The F.L. Emmert Company was founded more than a century ago as one of the nation's first recycling businesses. In 1881, two Cincinnati saloon owners spotted an opportunity to capitalize on the city's booming brewery industry. Savior Maier and his son-in-law, Ohio Civil War veteran Frederick Louis Emmert Sr. (-1889), ran a saloon at the corner of Vine Street and Clifton Avenue just outside downtown Cincinnati.

Cincinnati's brewery industry enjoyed great success during the nineteenth and early twentieth centuries because of the superior quality of grain used in processing. German brewers from the surrounding neighborhood made frequent visits to Maier and Emmert's saloon. They often complained that local farmers were unreliable when it came to picking up spent grain to use for livestock feed. Emmert arranged contracts with the breweries and agreed to take the spent grain off their hands and sell it to farmers, milk producers, and feed dealers. The abundance of breweries nearby assured the young company of constant supplies.

After several decades of simply reselling wet grain, The F.L. Emmert Company decided to expand. In the late 1920s and early 1930s, it began drying the grain. Now the finished product could easily be shipped across the country and stored for long periods of time. At the time, The F.L. Emmert Company was one of only a handful of businesses nationwide who used this drying process for spent brewers grain.

Prohibition and the Volstead Act of 1919 were mentioned repeatedly in company correspondence during the 1920s and 1930s. The Volstead Act prohibited the sale, manufacture, and transportation of alcoholic beverages. Prohibition impacted The F.L. Emmert Company because brewers' waste products were the mainstay of its business. One of the company's largest suppliers, the Moerlein Company, closed in 1919 amid Prohibition and anti-German hysteria that accompanied World War I. Except for Buckmann's brewery, which produced a diluted "near beer," most breweries in the area closed by 1933.

Written correspondence between F.L. Emmert Jr. and his father during the early 1930s shows how the company survived. On January 26, 1933, Fred Jr. wrote to his father asking for a personal loan of $20,000 to help the company. He said the company must have the money to make up for severe losses in 1932. He ended the letter by saying, "To save the business now will mean to save it for a long time and that is my one concern."

In the late 1930s, the company began to experiment with the dry grain in hopes of making its own products. The F.L. Emmert Company soon developed a proprietary process for adding a large amount of wet cane molasses to brewers grain. Before this process was invented, adding molasses to brewers grain yielded a product that hardened and was difficult to handle. Molasso-Malt, as the new product was named, was introduced to the feed market in the 1930s. It allowed dairy farmers to add highly nutritious brewers grain and the palatability of molasses to a feed ration in an easy-to-handle, inexpensive manner. Molasso-Malt was The F.L. Emmert Company's first value-added product. It soon became an indispensable ingredient for dairy rations throughout the Midwest and was the company's best-selling product for the next 20 years.

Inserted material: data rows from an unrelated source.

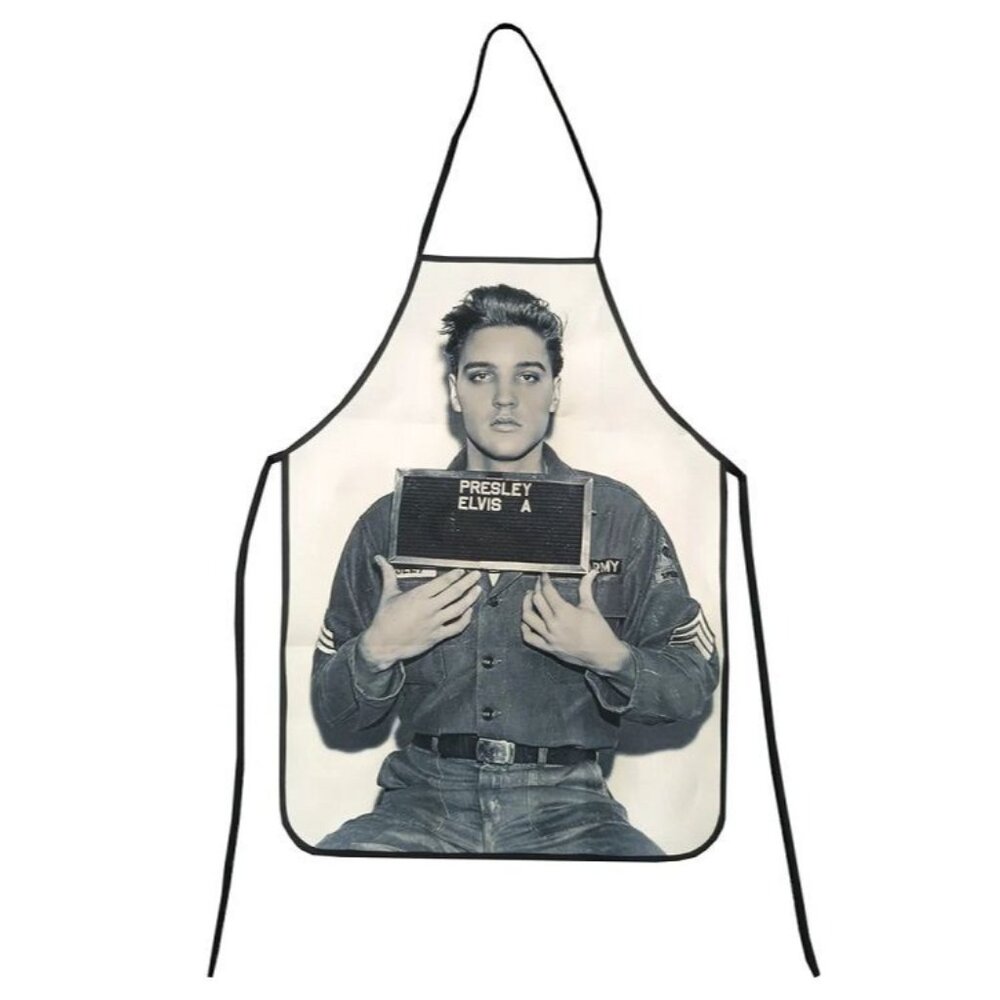 Elvis Presley Enlisting Army Apron Fun Kitchen Wear Linen Fits Most Sizes NIP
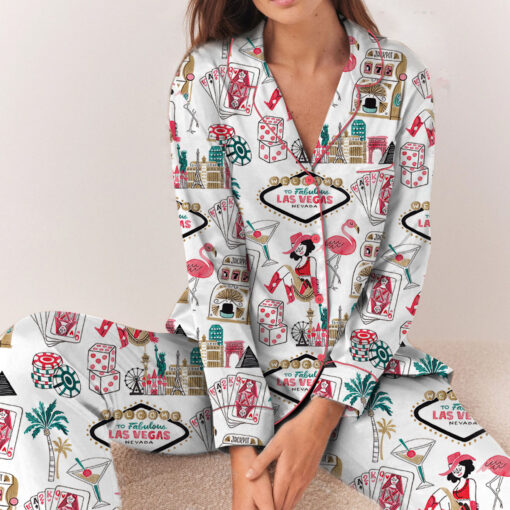 Women’s Las Vegas Watercolor Gambling Casino Nevada City Satin Pajamas Set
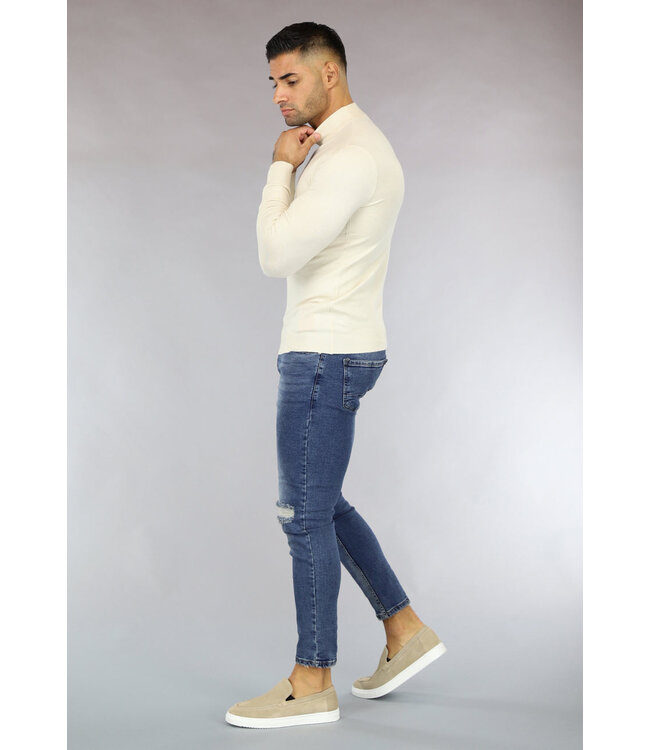 Beige Mannen Trui met Kleine Col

Supported by a growing reputation in the feed industry, The F.L. Emmert Company forged ahead. It spent the 1950s refining its drying process and was soon ready to build a more extensive product line. Around 1960, the company began experimenting with spent yeast. A few years later it introduced BGY35 as a specially dried brewers yeast product. This opened the door to new markets and increased the company's sales and geographic reach. BGY35 quickly became the preferred source of brewers yeast for livestock feed and pet food manufacturers in the eastern United States.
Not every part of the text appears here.